Outside of Germany, on the other hand, Strandkörbe are virtually non-existent, and hence there is not even an English term for it. One feels that their popularity must reveal something about the nature of Germanness. But it is hard to say what exactly. One salient stereotype is that Germans like to reserve spaces at the pool by putting down towels early in the morning, so a desire for securing a basecamp close to the water looks like a promising explanation. But this could arguably be fulfilled by beach huts rather than Strandkörbe as well, and so the German preference for the latter options remains mysterious to me. (A related but equally tricky question: If Austria had access to the sea, would Austrian beaches have Strandkörbe?)

To the south Walton is bordered by Frinton-on-Sea, which has no pier, and, until 2000 didn’t even have a pub. A large share of the population is retired, giving the place a quiet, conservative, and genteel character. Less flatteringly, a saying has it that while the aforementioned and nearby Harwich is for the continent, Frinton is for the incontinent.

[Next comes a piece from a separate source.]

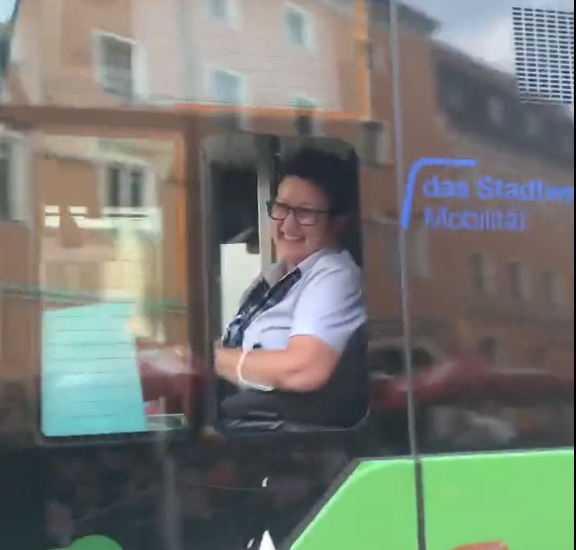 Busfahrerin Regensburg lacht durch Fensterscheibe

Much of Frinton lies between the sea and the railway line. There is only one access road, and when the barriers at the railway crossings close Frinton is thus temporarily isolated from the rest of Britain, similarly to Mersea Island with its Strood. Until 2009 the railway crossing was operated manually, with a person opening and closing the “Gates” when trains approached and left. Living “within the Gates” is a status symbol, and Frintonians are passionate about them. When a plan by Network Rail to replace the manually operated barriers with an automatic system became known, fierce opposition ensued. The thought that some “lunatic in Colchester” would remotely operate the Frinton barriers shocked many residents, and a representative of Network Rail was booed at a public meeting. At a rally, slogans like “What do we want? The Gates!” were shouted. Intimated by such a forceful showing, Network Rail resorted to sneakily removing the old gates in the “cover of darkness” at 2.00am in the morning, when everyone was asleep. The whole saga is recounted in an excellent BBC documentary, which features a several interesting Frinton personalities.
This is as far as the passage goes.